I will forever be thinking about 8 maids a-milking

Pepper, the evil elf, looking with wide elf eyes into a dollhouse Image: Prime Video
Petrana Radulovic is an entertainment reporter specializing in animation, fandom culture, theme parks, Disney, and young adult fantasy franchises.

There is a moment near the end of Prime Video’s new Christmas movie Candy Cane Lane that will now be seared into my brain every time I look at Christmas tree decorations. Evil elf Pepper (Jillian Bell) pulls a spherical glass ornament out of her pocket and takes a big chomp out of it like it’s an apple. There’s this chilling crunch noise as she continues to chew, the exact opposite of a soothing ASMR effect.

It’s a small detail in the hullabaloo of the movie’s chaotic finale, but it’s so visceral, I will never be able to forget it.

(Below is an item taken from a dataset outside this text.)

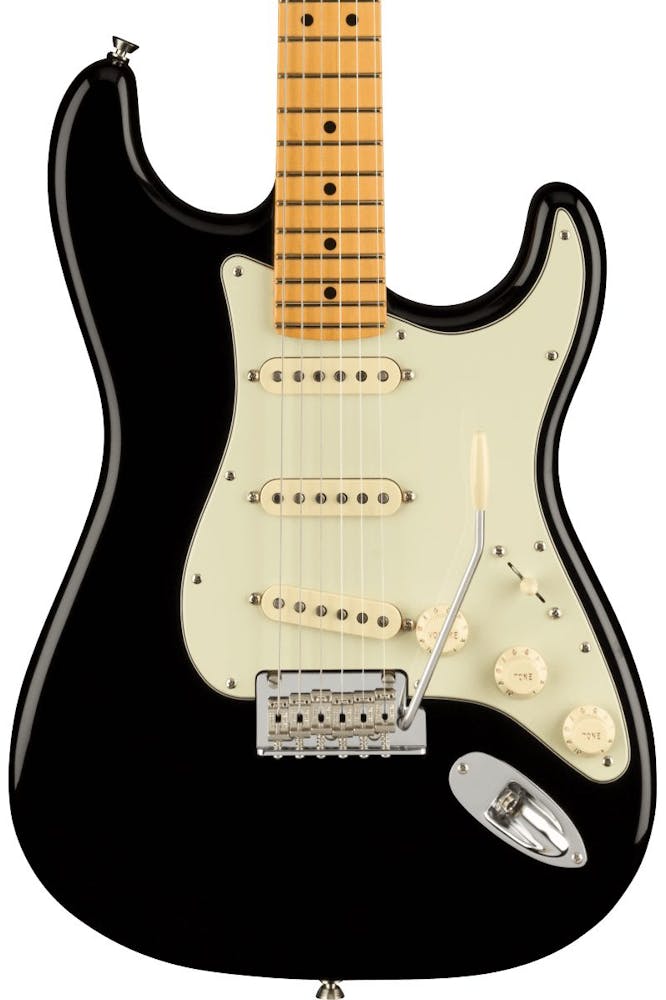 Fender American Professional II Stratocaster in Black with Maple Fingerboard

This weirdly horrific take on a common piece of Christmas decor basically illustrates the entire premise of Candy Cane Lane, and exactly what the movie does best. Director Reginald Hudlin and screenwriter Kelly Younger dare ask the question, “How terrifying can we make Christmas without actually making it scary?” And man oh man, Candy Cane Lane’s Christmas gets pretty darn terrifying.

Jillian Bell’s Pepper takes a big bite of a Christmas ornament
Cronch
Image: Prime Video

The story kicks off when, in an effort to win his neighborhood’s holiday decorating competition, Chris Carver (Eddie Murphy) makes a strange deal with the owner of a Christmas store. However, that owner turns out to be Pepper, who defected from the North Pole after deciding that Santa’s gotten too lax with his Nice list. She’s on a mission to huntdown wrongdoers and lure them into Faustian bargains. When they fail to uphold their end of the deals, she turns them into tiny porcelain figurines for her little Christmas village, dooming them to live out eternity in Yuletide cheer.

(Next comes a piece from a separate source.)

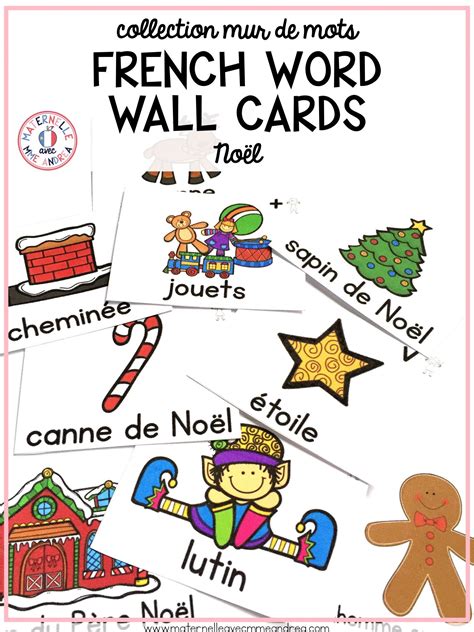 Free Printable French Christmas Worksheets | TracingLettersWorksheets.com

In Chris’ case, his deal with Pepper grants him some magical decorations for a “12 Days of Christmas”-themed display that stuns the neighborhood. But then it comes to life and begins to terrorize him and his family. As the animals and people from the classic carol wreak havoc on the Carvers’ day-to-day lives, Chris must find the golden rings from the tune’s lyrics and present them to Pepper by 8 p.m. on Christmas Eve, or he, too, will be doomed to be a tiny Christmas figurine forever and ever.

Candy Cane Lane is an unhinged comedy with a bizarre premise, but it does do the typical holiday movie thing, with a story centered around family themes. There are messages about parents being OK with their kids growing up, a family learning to communicate and trust one another, and the general search for the true meaning of Christmas. All of that is fairly standard and pulled off pretty well, especially given the movie’s general chaos.

Three tiny little porcelain Christmas figurines Photo: Courtesy of Prime

But what I’m going to remember is the scene where middle Carver child Nick (Thaddeus J. Mixson) opens a classroom door and finds one of the carol’s “maids a-milking” kneeling by a cow, a golden ring piercing the bovine’s nostrils. As he approaches, the maid coquettishly says, “Hi. Got milk?” Then she aims the cow’s udder at him and splashes him with a stream of milk. Thus begins a battle between Nick and milkmaid as he tries to get the golden ring and she fends him off through the power of dairy.

It’s unhinged. It’s delightful. It turns cutesy Christmas quirks into batshit terror. I will never be able to sing “The 12 Days of Christmas” without thinking of a lords a-leapin’ ambush or strategically aimed udders ever again.

Christmas comedies are usually known for their off-the-walls hijinks, usually because one bad thing after another happens as the main characters try to have a happy holiday. There’s a time and place for more subdued and meaningful holiday movies, like It’s a Wonderful Life, Klaus, or A Muppet Christmas Carol. But when you’re doing Christmas hijinks, you have to commit. Send in an elf SWAT team, like in The Santa Clause. Have the main character fake deliver a heart transplant, like in I’ll Be Home for Christmas. Kidnap your brother-in-law’s cruel boss, like in National Lampoon’s Christmas Vacation. Candy Cane Lane stands by the fine tradition of pushing the shenanigans meter to full throttle, the way the most fun Christmas comedies ought to be.

Candy Cane Lane is available on Prime Video.